Every so often, you need a collection of items where you know the items in it are unique. JavaScript having no standard library, there’s a pretty strong temptation to hack something using an array, since that’s the closest-looking data structure available to you. A set’s just a list with no duplicates, right?
Well, kinda. In practise it won’t work out that well, since the time it takes to determine whether an item is already in the set scales with the size of the collection, and this becomes very expensive for large amounts of data. You could keep the array sorted, which will speed up searches quite a bit: you get O(log n) insertion rather than O(n). But we can do better.
Many set implementations (see Ruby, Java) use a hashtable as the storage for a
set. This is because hashtables are optimised for finding keys as quickly as
possible (ideally they should maintain constant search performance as the
collection grows), and they make sure no key appears twice. In JavaScript we
don’t have proper hashtables, but we do have Object
, and if our data consists
of strings or numbers, this is good enough.

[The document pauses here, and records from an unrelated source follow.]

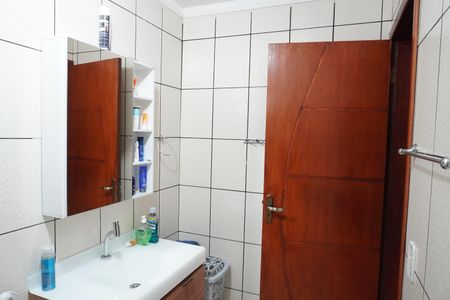 Casa à venda com 150m², 3 quartos e 4 vagasBanheiro da Suíte 2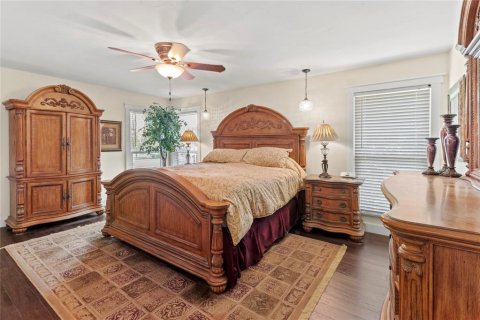 House in Bradenton, Florida 3 bedrooms, 237.27 sq.m. № 1682964 - photo 12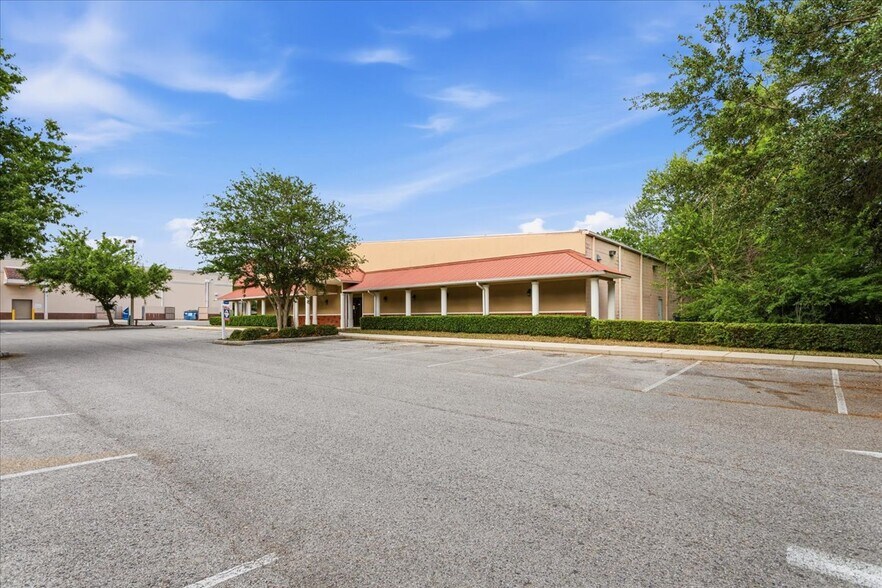 More Photos Of 15043 Main St, Alachua Showroom For Sale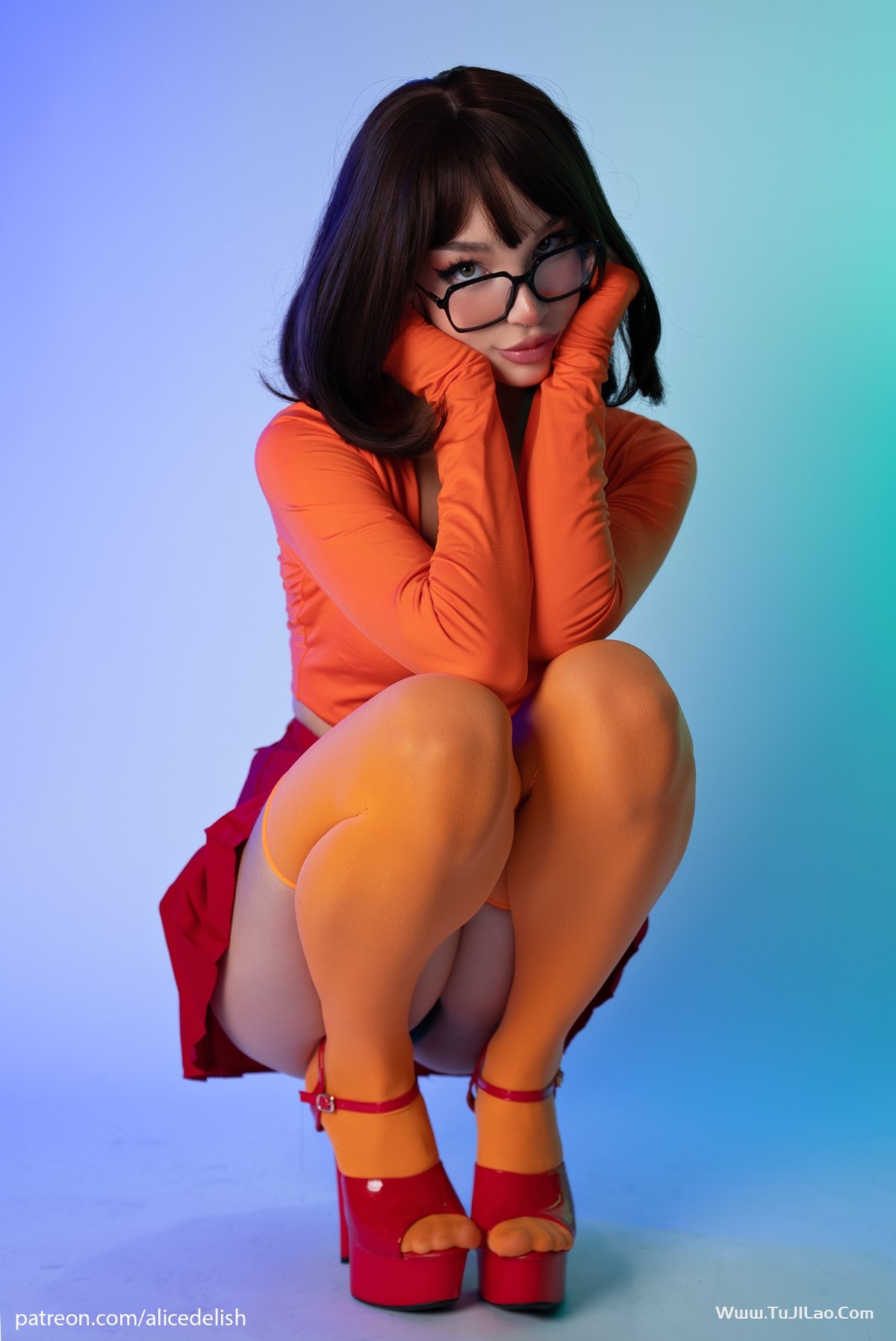 Alice Delish Velma Dinkley 0001 2910760488.jpg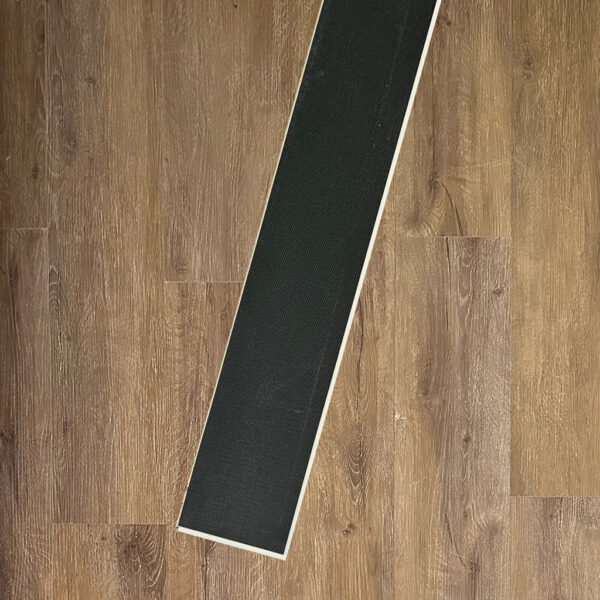 Piso Vinílico SPC Click Amber SP008 5mm con manta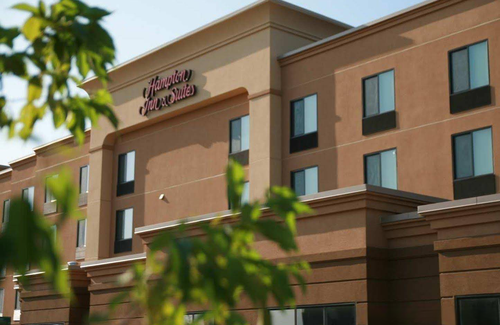 Fairbanks Hotel | Hampton Inn & Suites Fairbanks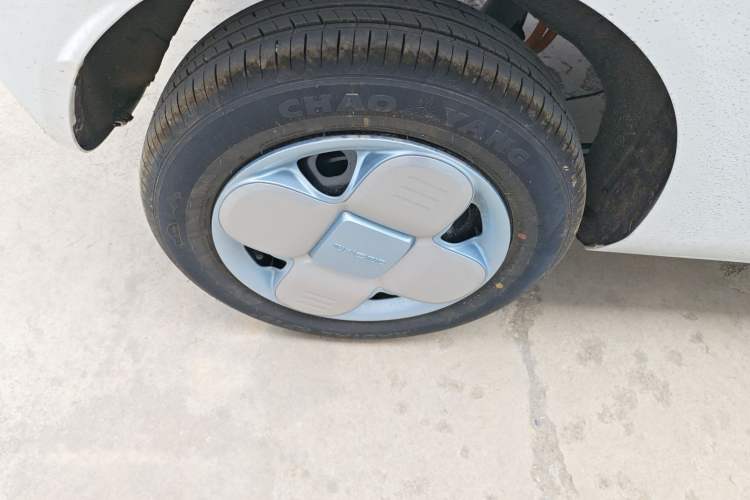 Used Geely Galaxy Panda 2024 Panda Mini 200km Endurance Bear Right Rear Wheel Hub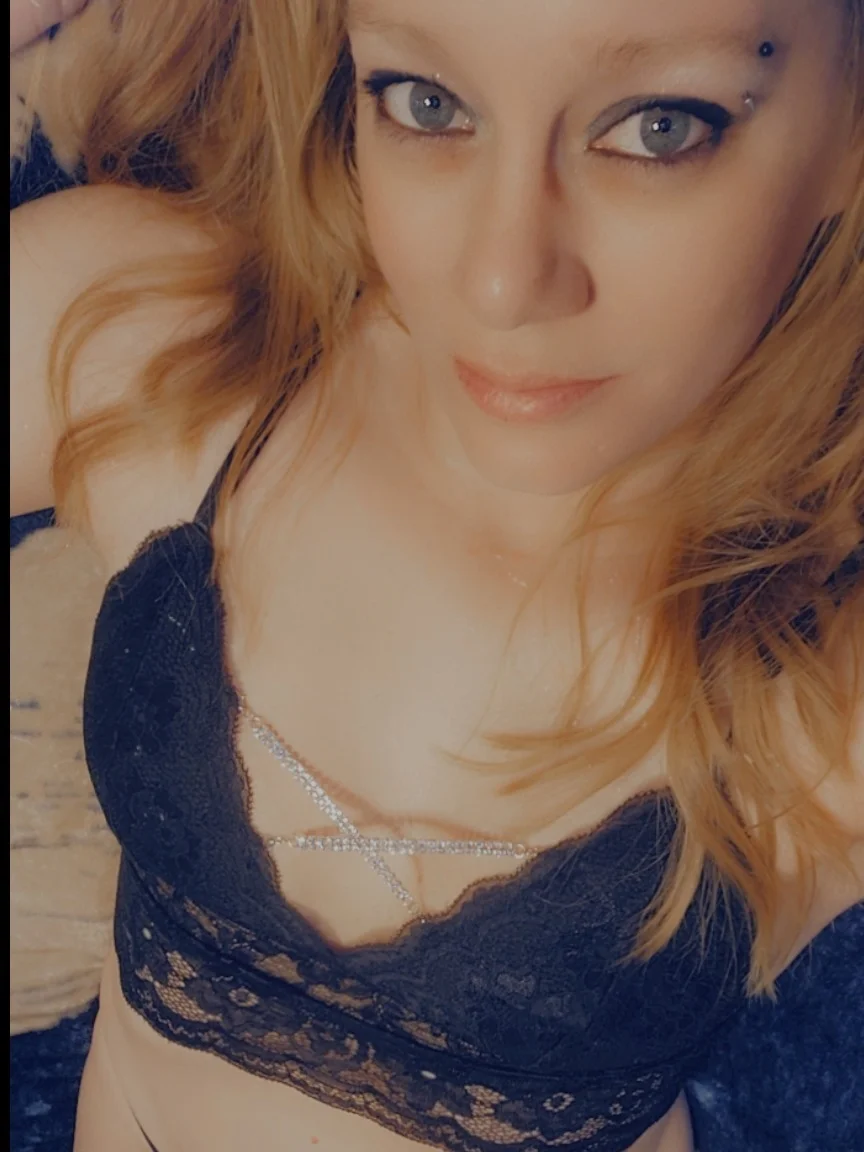 Scarlett Nicole OnlyFans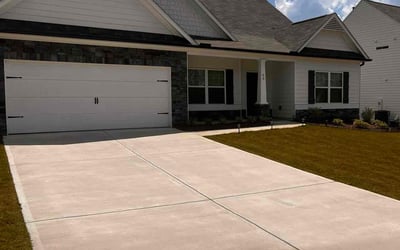 Photo of Kim H.'s yard after getting lawn care in Olmsted Falls, OH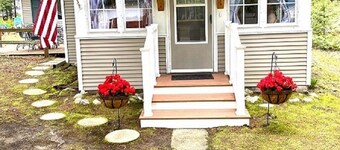Cozy Bear Cottage with adorable Lake and Bear décor, 25 mi S. of Mackinaw City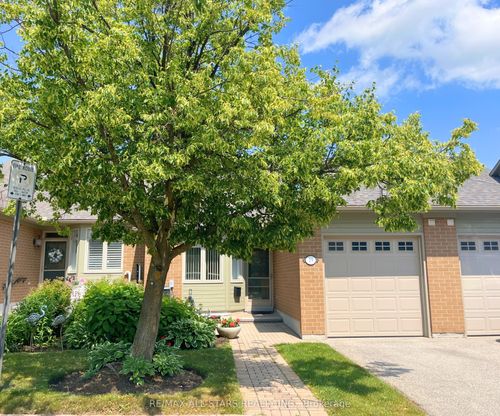 19 Christina Falls Way, Markham, ON, L6E1B4 | Card Image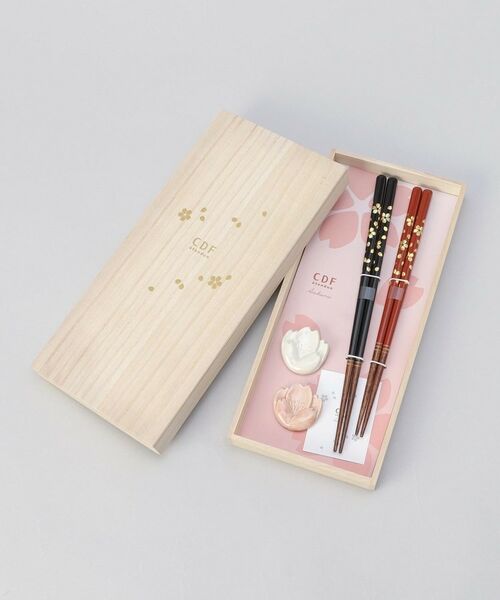 212 KITCHEN STORE / トゥーワントゥーキッチン ストア インテリア・生活雑貨・ホビー・ステーショナリー | ペア箸＆箸置きセット さくら | 詳細1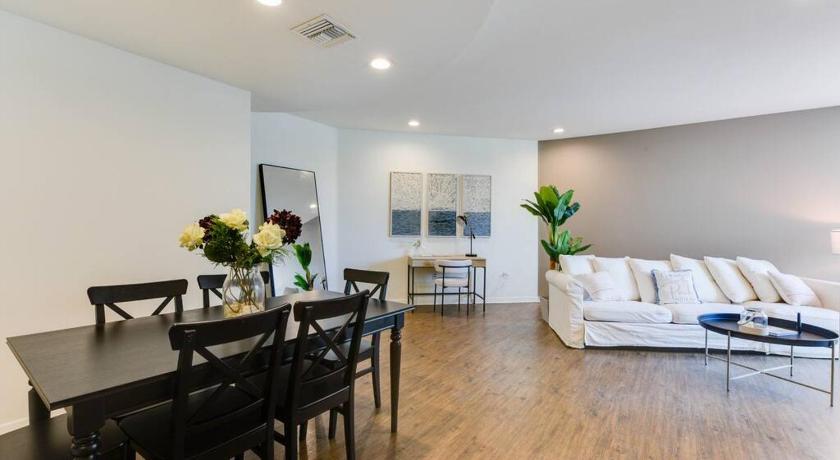 Lavish Living Lux Marina Views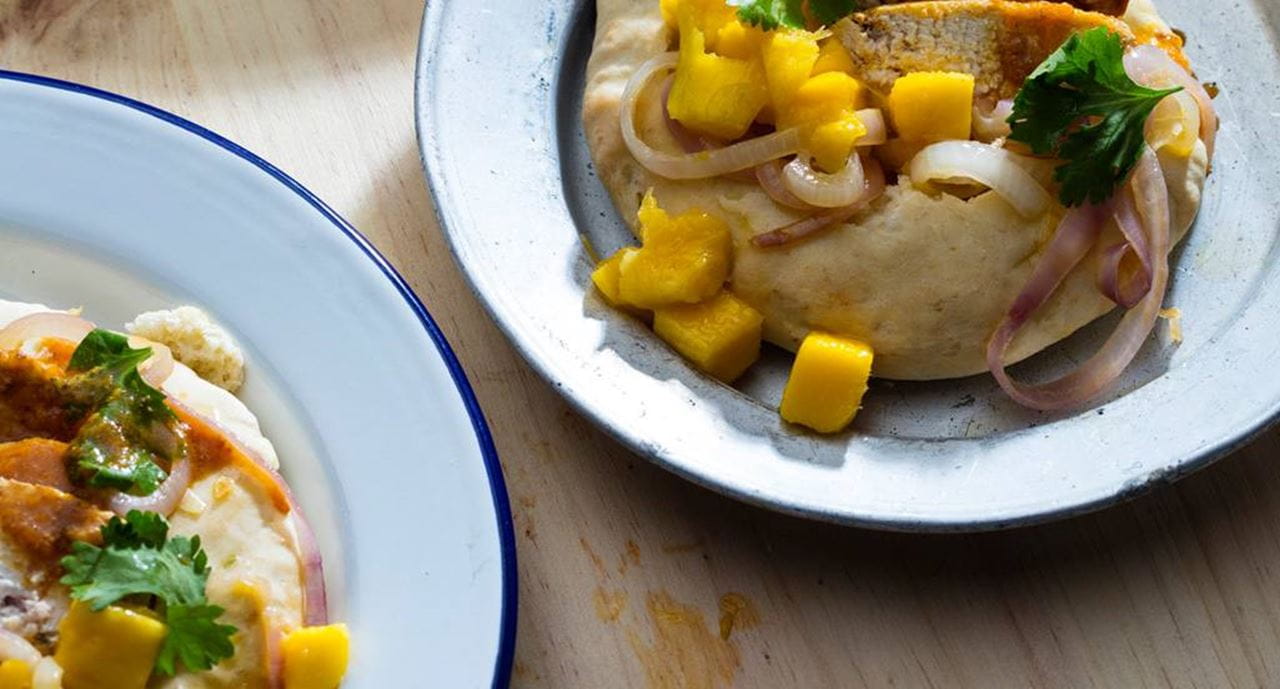 recipe image Pizza de Frango Tandori em Pão Naan de Alho e Coentros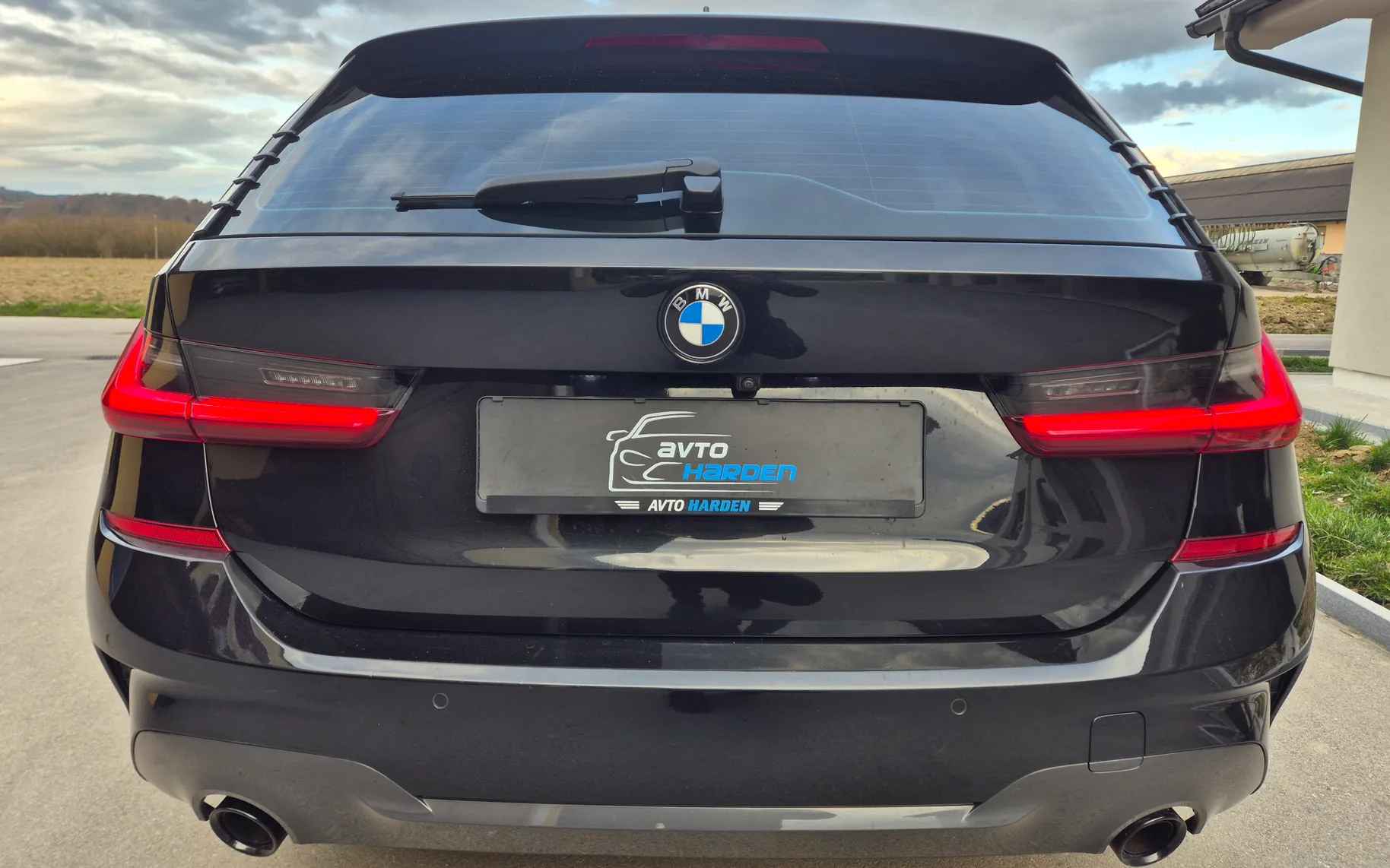 Zunanja slika - BMW Serija 1 - Serija 3 320d Touring Avt. M-Sport - 5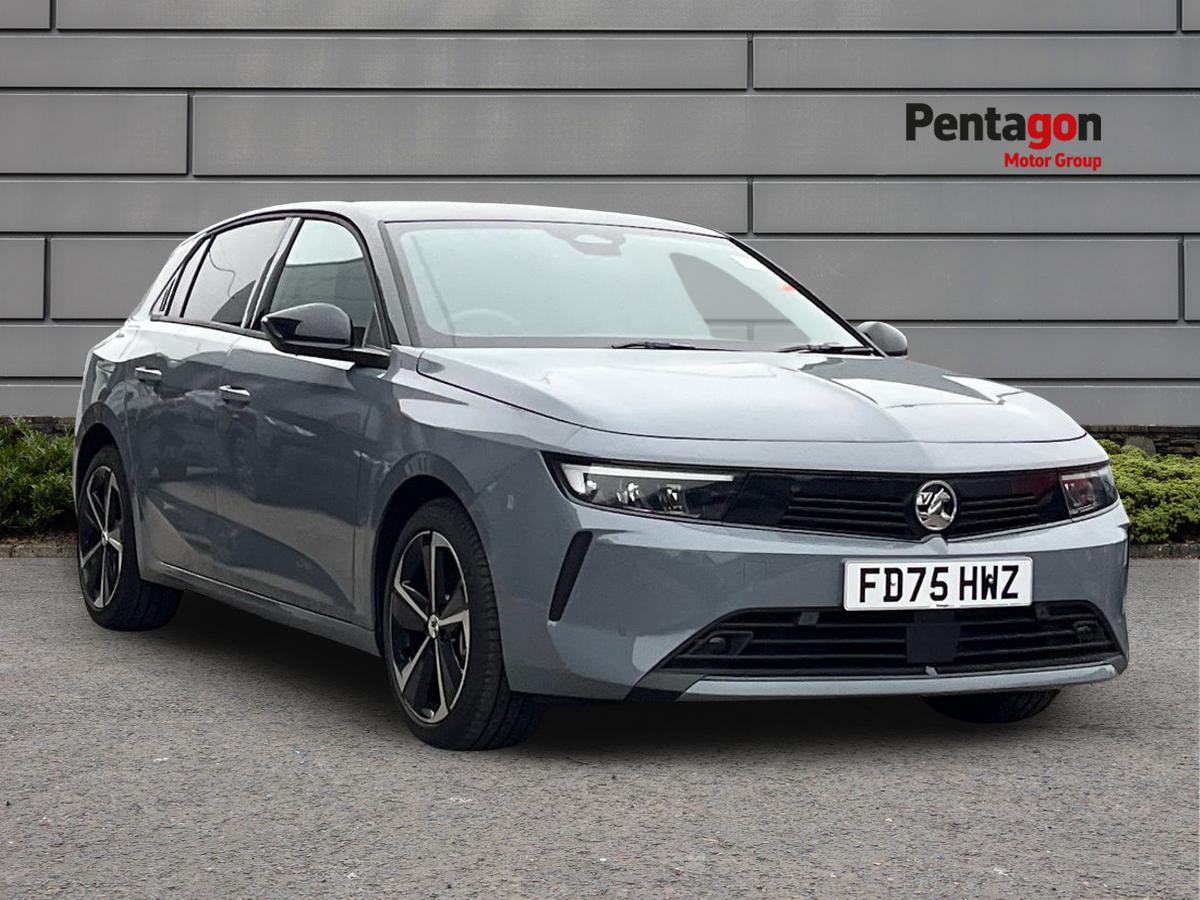 Main listing image - Vauxhall Astra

In a set implementation, we just use the fact that an object does not allow duplicate keys, and put some dummy values in for each key. We don’t care what the values are, we only care about the keys.
Set = function() {
this._table = {};
};
Set.prototype.add = function(value) {
if (this.contains(value)) return false;
this._table[value] = true;
return true;
};
Set.prototype.remove = function(value) {
delete this._table[value];
};
Set.prototype.contains = function(value) {
return this._table.hasOwnProperty(value);
};
Set.prototype.forEach = function(block, context) {
for (var value in this._table)
block.call(context, value);
};
Set.prototype.toArray = function() {
var array = [];
this.forEach(array.push, array);
return array;
};
This is plenty to let us add, remove and iterate over values in the set. Note
how the add()
method returns true
or false
to tell us if the item was
added or not.
> load('set.js')
> s = new Set()
> s.add('foo')
true
> s.add('foo')
false
> s.add('bar')
true
> s.toArray().join(', ')
foo, bar
> s.remove('foo')
> s.toArray().join(', ')
bar
Of course, if I need a collection of objects rather than just strings, I’ll reach for one of the JS.Set classes, but for a lot of what you’d typically do with JavaScript the above will get you a long way. And if iteration performance is problematic, there are ways to optimise.